As surprising as it may sound, digital surveillance and speech control in the United States already show many similarities to what one finds in authoritarian states such as China. Constitutional and cultural differences mean that the private sector, rather than the federal and state governments, currently takes the lead in these practices, which further values and address threats different from those in China. But the trend toward greater surveillance and speech control here, and toward the growing involvement of government, is undeniable and likely inexorable.
In the great debate of the past two decades about freedom versus control of the network, China was largely right and the United States was largely wrong.
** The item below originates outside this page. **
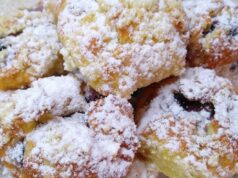 Rychlé šátečky s tvarohem a borůvkami: Křehké těsto bez kynutí Malé koláčky s ovocem a drobenkou, bohatě posypané moučkovým cukrem.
Significant monitoring and speech control are inevitable components of a mature and flourishing internet, and governments must play a large role in these practices to ensure that the internet is compatible with a society’s norms and values.
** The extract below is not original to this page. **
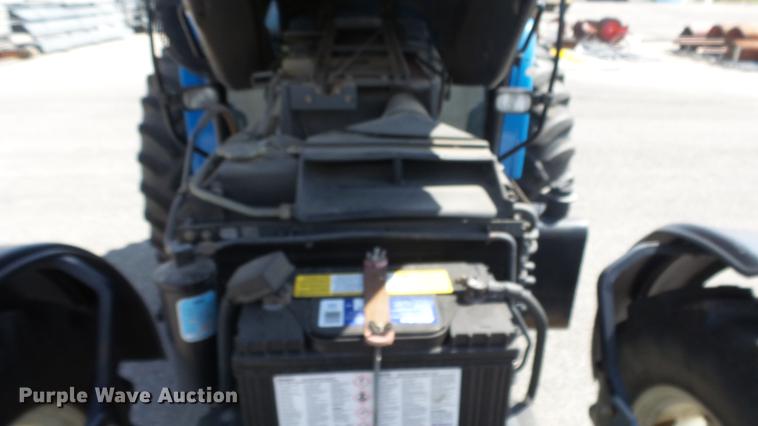 image for item DF4357 1998 New Holland 8260 MFWD tractor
It is a shame to see Goldsmith make this kind of argument, he was rightly very critical of the George W Bush admin when he worked in it. hope the guys can have him on the pod. He is a regular contributor at Lawfare and I know they have wanted to get Ben Wittes on, which would also be great.
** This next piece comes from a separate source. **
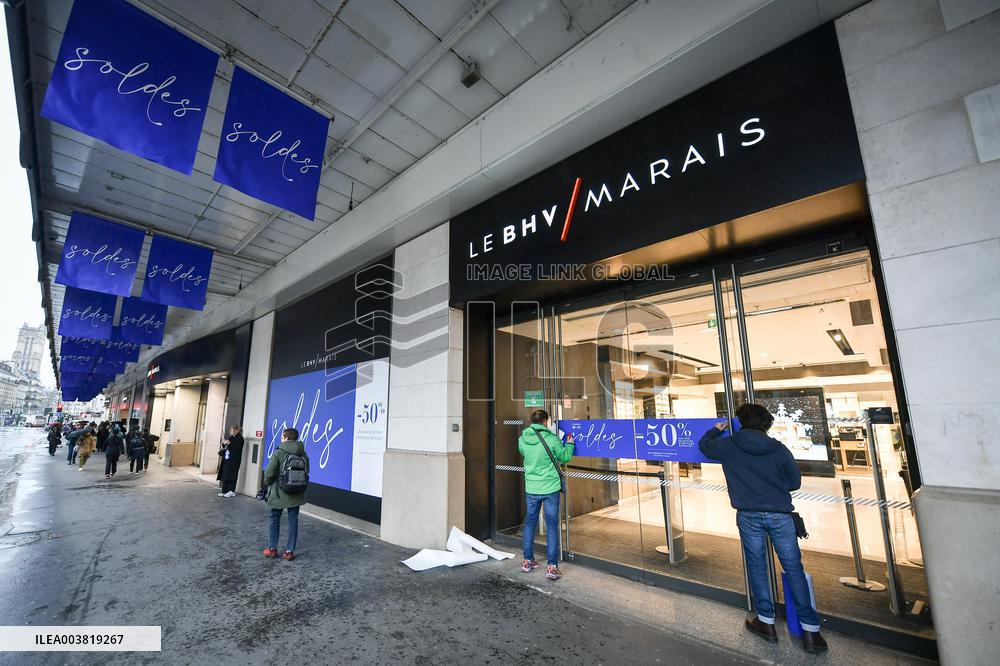Winter Sales at the BHV Marais in Paris FA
Perfect! And we should put these censorship rules in place immediately, so our executive branch can begin to control what we pions are allowed to read and hear. He’s a genius you know, perfect for this job.
I can only assume these authors are big fans of Fox and Friends.
The alt-right has been screeching about this article, seemingly oblivious that the primary author is a right-wing blogger and think-tanker in addition to being a Harvard professor, and that he is toeing the alt-right party line with regards to Section 230. In fact, without making any significant argument, rather stating the status quo with their own spin, the article seems to be designed to float the delusion that Section 230 is a "gift" given by the government, and not what it really is, a protection from a specific tactic of legal thuggery, establishing legally what is common sense - that people's words are their own and are their own responsibility, regardless of whose machines they flow through to get from one brain to another.
Section 230 does precisely the opposite of what he claims it does, allowing the moderation of all that "bullying, harassment, child sexual exploitation, revenge porn, disinformation campaigns, digitally manipulated videos, and other forms of harmful content" without it putting computer services in the same category as a newspaper employing editorial discretion, which would open them up to frivolous lawsuits.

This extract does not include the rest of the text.